C: So it was first calves milk (laughter) so that one I think might be close to the area of mine, but I’m not 100% sure. And the ingredients easy to get, you can go to a grocery store?

H: Yup

C: Has the recipe changed over time?

H: Nope, this is the original, same recipe it has not changed

C: So is there a strategy on how to make the dish?

H: the one strategy is that…

C: Because this will help me (laughter)

H: Yes…the one strategy my mom has said is when you do the buttermilk, she usually instead of like, cream, she usually does the butter and the milk and she said just to make sure you scald it, but do not burn it! She said that’s the trickiest part of the whole recipe! (laughter) I said, well I’ll probably burn it, because I’d like to do other things at the same time.

C: Ok, how is the dish received by other family members?

H: Well, the funny story about our Swedish rice pudding is that it’s served on Christmas Eve, after we have supper, and my mom always asks everybody, you know, oh do you want some Swedish rice or whatever. Me and my brothers, my brothers and I, um always look at each other and kind of giggle and when she leaves the room we all say, “We don’t like Swedish pudding!” (laughter) “Why is she making this every year?”

C: Oh, no! (More laughter)

H: I like it, but it’s just not, I mean I do, I like it. I probably like it more now as I became an adult because I know the story behind it and I know it’s with our heritage. But um, but in retrospect we all kind of like are like “ugh, that’s not our favorite” you know not really realizing why she made it you know when we were younger as we get older. So just every year we all do that even though we all eat it, we just make that same joke every single Christmas

C: That is funny

H: Yeah, Mom why’d you make that, we don’t like that. And then I know it usually doesn’t get gone, so there’s always leftover, so I know my mom and my dad like to eat it in the morning for breakfast on Christmas day, they’ll eat it.

C: So you said this was for dessert, but it there anything that is served alongside with it?

H: Pretty much normally our dinner at Christmas Eve is like baked ham, scalloped potatoes, um corn, and then the Swedish rice pudding for dessert.

C: Ok, so nothing, like, extra is added in to like, jam or anything like that’s not added into it?

H: No, um, well the only think is milk, she’ll like bring it and then, some people like it hot and some people in our family like it cold so, but we always add milk to it when you serve it

C: So what is your favorite memory that you have either making the dish, eating the dish?

H: Um, I think eating the dish and I think the whole little inside joke between my brothers and I is the favorite part of it. So, cause yeah, cause I have a brother who’s deceased and he, you know him and I always would look at each other cause we were closest in age and it’s like “really, we’re having this again” and he’s always, when I got married he’d always tease me, “can’t you bake something and bring it for dessert instead?” (Laughter)
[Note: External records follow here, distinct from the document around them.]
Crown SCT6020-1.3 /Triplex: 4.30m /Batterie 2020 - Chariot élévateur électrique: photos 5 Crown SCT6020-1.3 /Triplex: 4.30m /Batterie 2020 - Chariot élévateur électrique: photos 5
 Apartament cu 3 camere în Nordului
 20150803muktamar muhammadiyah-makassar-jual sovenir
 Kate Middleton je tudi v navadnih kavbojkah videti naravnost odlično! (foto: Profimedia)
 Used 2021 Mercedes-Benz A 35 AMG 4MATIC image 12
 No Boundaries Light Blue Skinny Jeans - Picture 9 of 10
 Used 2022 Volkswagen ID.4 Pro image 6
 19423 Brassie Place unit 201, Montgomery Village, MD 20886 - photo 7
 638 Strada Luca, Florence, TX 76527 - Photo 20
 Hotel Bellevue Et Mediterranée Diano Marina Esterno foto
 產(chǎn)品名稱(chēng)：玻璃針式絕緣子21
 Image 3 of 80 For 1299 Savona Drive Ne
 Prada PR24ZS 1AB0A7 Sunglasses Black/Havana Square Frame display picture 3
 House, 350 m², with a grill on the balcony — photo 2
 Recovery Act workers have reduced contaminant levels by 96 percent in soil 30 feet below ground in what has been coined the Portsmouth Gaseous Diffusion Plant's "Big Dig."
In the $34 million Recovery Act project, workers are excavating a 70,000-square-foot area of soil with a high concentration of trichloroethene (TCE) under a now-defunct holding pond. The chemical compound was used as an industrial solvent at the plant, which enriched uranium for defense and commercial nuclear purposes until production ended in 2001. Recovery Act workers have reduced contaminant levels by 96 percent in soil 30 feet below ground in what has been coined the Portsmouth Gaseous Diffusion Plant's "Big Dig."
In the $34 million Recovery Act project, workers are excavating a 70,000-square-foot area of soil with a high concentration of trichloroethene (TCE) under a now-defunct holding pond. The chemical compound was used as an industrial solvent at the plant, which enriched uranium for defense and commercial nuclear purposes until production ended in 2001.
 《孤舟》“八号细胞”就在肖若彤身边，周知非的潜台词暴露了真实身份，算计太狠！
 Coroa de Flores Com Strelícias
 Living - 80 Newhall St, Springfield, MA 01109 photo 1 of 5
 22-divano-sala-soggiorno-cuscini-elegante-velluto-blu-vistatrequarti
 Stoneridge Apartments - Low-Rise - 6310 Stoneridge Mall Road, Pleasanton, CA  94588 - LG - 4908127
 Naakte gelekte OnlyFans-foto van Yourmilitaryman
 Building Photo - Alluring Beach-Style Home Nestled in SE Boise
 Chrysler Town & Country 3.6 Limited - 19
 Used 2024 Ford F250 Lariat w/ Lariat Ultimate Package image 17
C: So does that like, thinking between the, you and your siblings like, trickle down to the younger generations, their like, “why does grandma make this” or

H: Yeah I think so, and I think like um, because I have three grandchildren and I think this past year was probably the first year that they actually tasted it because they were so young. And now that Gavin ‘s seven, you know I think this coming Christmas will be more fun to explain to him why we eat it and what it is.  Cause they’re all like, turn up their nose and are like, rice pudding that just doesn’t go together. Cause they’re expecting it to be like, you know, like regular pudding and it’s not. It’s more of a thicker consistency with the rice, you know like a thicker tapioca.

C: those are the questions I have, that I wrote down, but is there anything else that I didn’t ask or that you thought of when you were looking at the questions that you would like to say or explain maybe a little bit deeper?

H: Um, nope I don’t think so. I don’t remember, like I said my mom made this for the last 42 years, I don’t remember my grandma making it. But like I said, she said her grandmother made it. So I’m not sure if my grandma ever really made it, or when she did or maybe I just don’t remember her making it. But I know, like I said my great grandmother made it so.

C: Well perfect! Well, that was nice and easy, hopefully this worked.